Inside Counsel recently sat down with Yaniv Schiff, Director of Digital Forensics, QDiscovery, who shared insight into the application and how it’s impacting legal proceedings, and Helen Geib, QDiscovery’s General Counsel/Practice Support Consultant, who shared insight on the app’s impact from a litigation perspective.
“As any teenager will attest, emojis are becoming a form of communication in and of themselves,” said Schiff. “The ability to easily search, review and code text messages within the same discovery environment as emails and edocs is advantageous for many reasons, not least because it’s simply more efficient and cost-effective to have all your data in one place. No potentially relevant data should be overlooked, whether in the form of words or emojis.”
Today, emojis are appearing more in litigation simply because they are appearing more in day to day communications. Emojis are frequently used to emote certain emotional reactions or responses, and can also be used instead of words as a form of shorthand. So, while the significance or implications of certain emojis are open for interpretation, they should not be overlooked during discovery.

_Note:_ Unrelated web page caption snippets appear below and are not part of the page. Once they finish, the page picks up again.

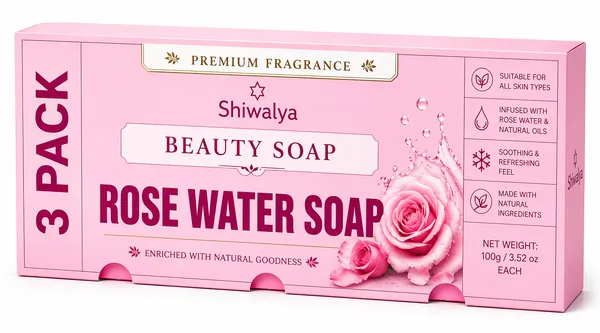Shiwalya_Rose_Water_Beauty_Soap_-_Premium_Fragrance_(3_Pack,_100g_Each)
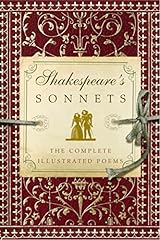 Shakespeare sonnets the usato  Spedito ovunque in Italia 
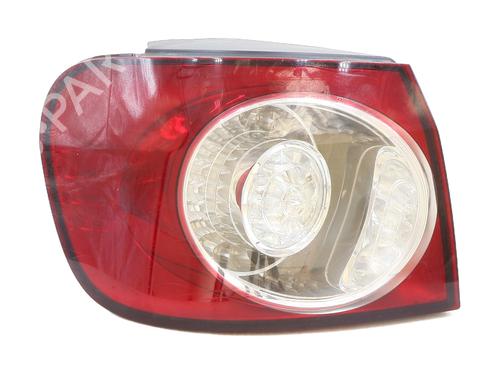 Left taillight VW GOLF PLUS V (5M1, 521) 1.9 TDI | BP29635537C34 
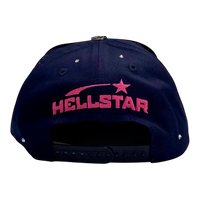 Hellstar Rhinestone SnapBack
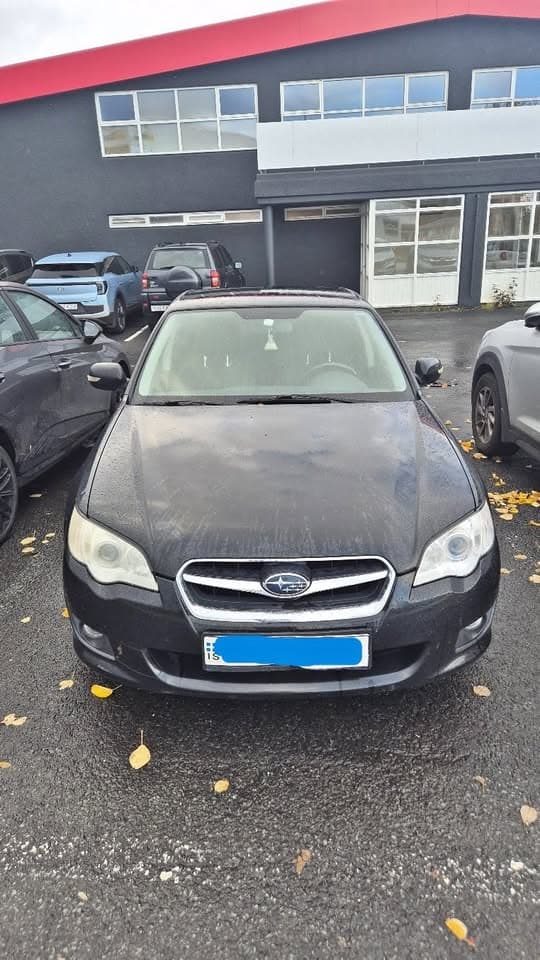 2008 Subaru Legacy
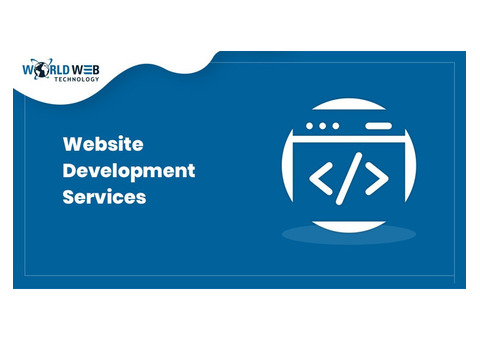 Website Development Services Company | World Web Technology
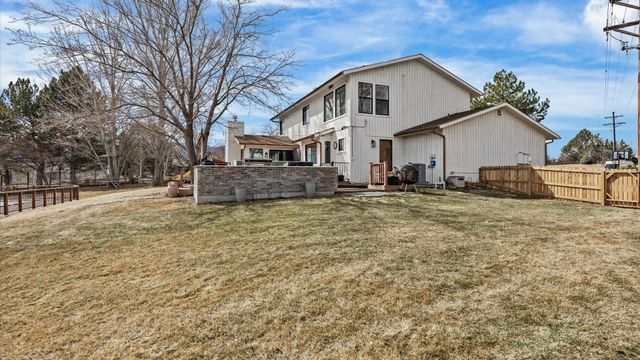 630 Rushmore Drive, Grand Junction, CO 81507
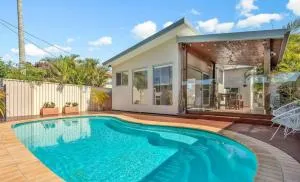 Cutts Cottage - Modern retreat with private pool - Margate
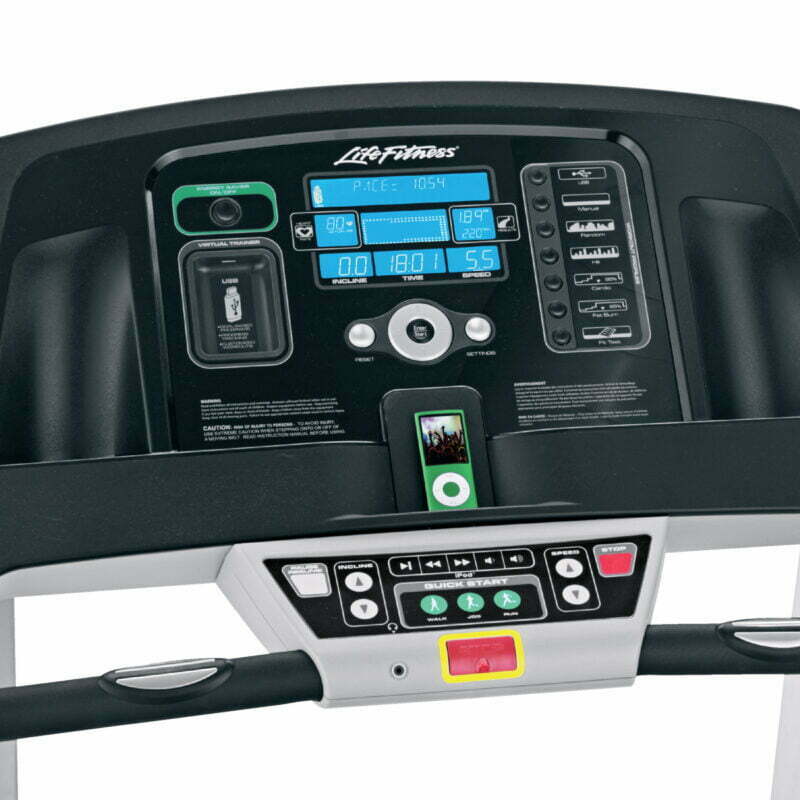 Life Fitness F1 Smart futópad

The standard solution for reviewing mobile device data has been multiple spreadsheets and PDF reports, often thousands of pages long, generated by Cellebrite or another forensic collection software, per Schiff. These include a separate section for each communication type and require manual review, which is cumbersome and time-consuming—and finding emojis in this sea of data is difficult. But, QMobile Insight makes it possible to load mobile device data into Relativity and take advantage of all the capabilities of the platform. With the data in a structured format, it can be imported into review tools like Relativity. It’s far easier to search, review and produce when all the data is in one place. Just as important, analytics, searching and other discovery workflows can now be used, allowing the review team to find and investigate patterns in the mobile data, including recognizing emojis and being able to search for similar documents to find related text messages.
“It’s no exaggeration to say that many people now write text messages and emails in a hybrid language of English and emoji,” explained Geib. “This is commonplace in personal messaging and is even true in many business communications. Lawyers need to be able to ‘keyemoji’ search in the same way they use keyword searches.”
So, how can lawyers use relevant emojis to craft a more holistic case for their client?
No one would think of collecting and reviewing only the first half of an email, or of withholding a relevant communication solely because it was a one-word reply. However, according to Geib, by ignoring or, worse, excluding emojis from review and production lawyers risk doing just that. From the smiley face on, emojis have been used to indicate the tone of a communication. It’s critical to take emojis into account whenever intent is at issue, such as in employment cases.
She said, “Emojis are increasingly used as word substitutes, especially in messaging, and for that reason are potentially relevant in every case. Put simply, emojis carry meaning just like words do. Like words, they must be reviewed and assessed for their relevance to the case.”